● **WORK REQUIRED**: What the task requires is an exact printout of the listing below, pictures excluded.

● **THE DATA**:
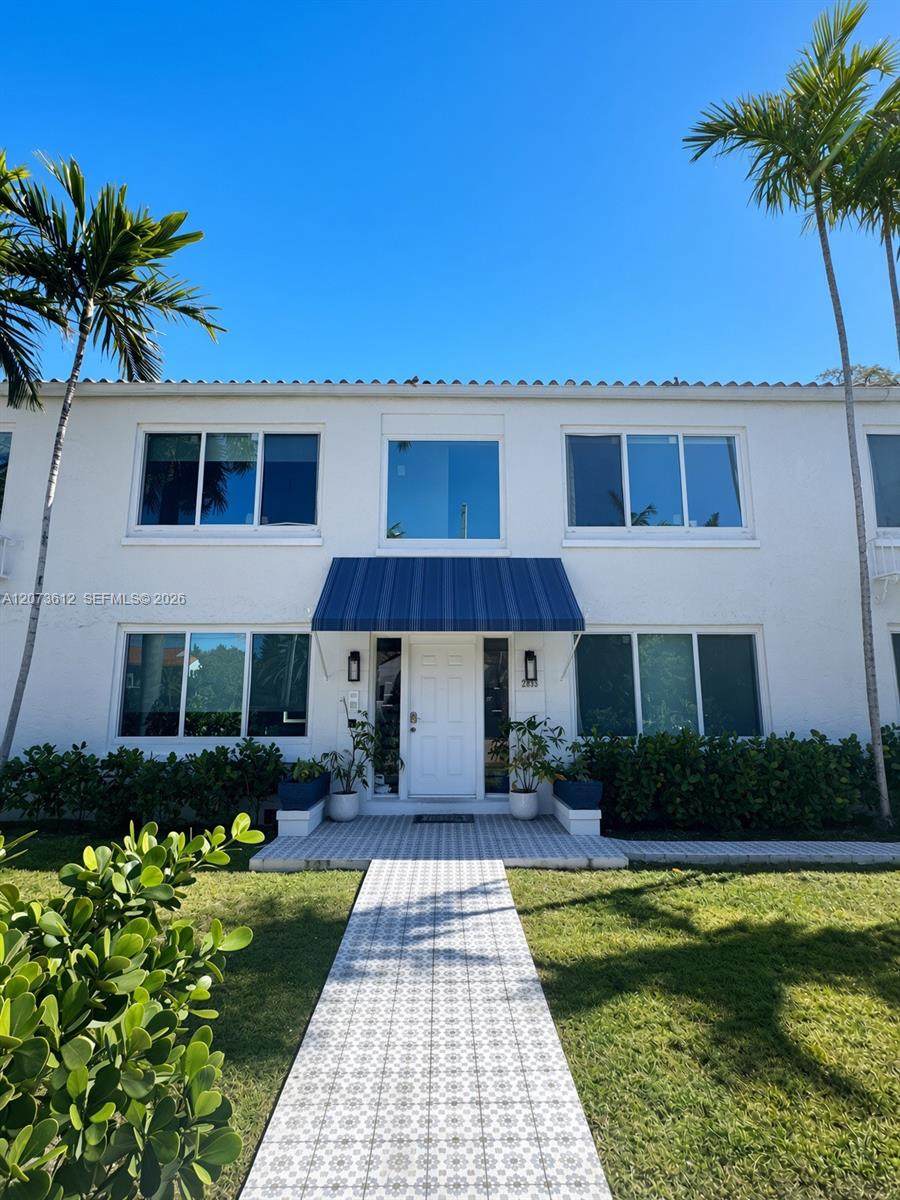 2855 Royal Palm Ave - Photo 1
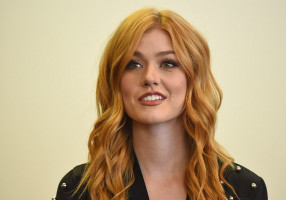 Katherine McNamara photo #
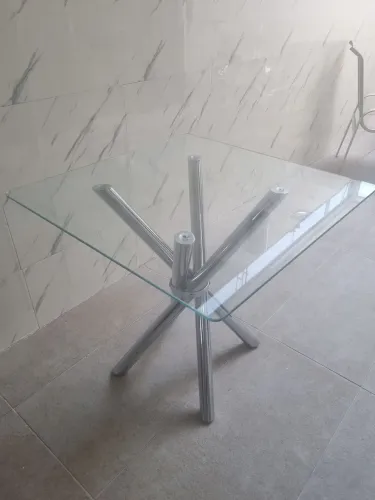 Mesa em vidro base cromada 80x80x75cm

● **YOUR RESPONSE**:
 2855 Royal Palm Ave - Photo 1
 Katherine McNamara photo #
 Mesa em vidro base cromada 80x80x75cm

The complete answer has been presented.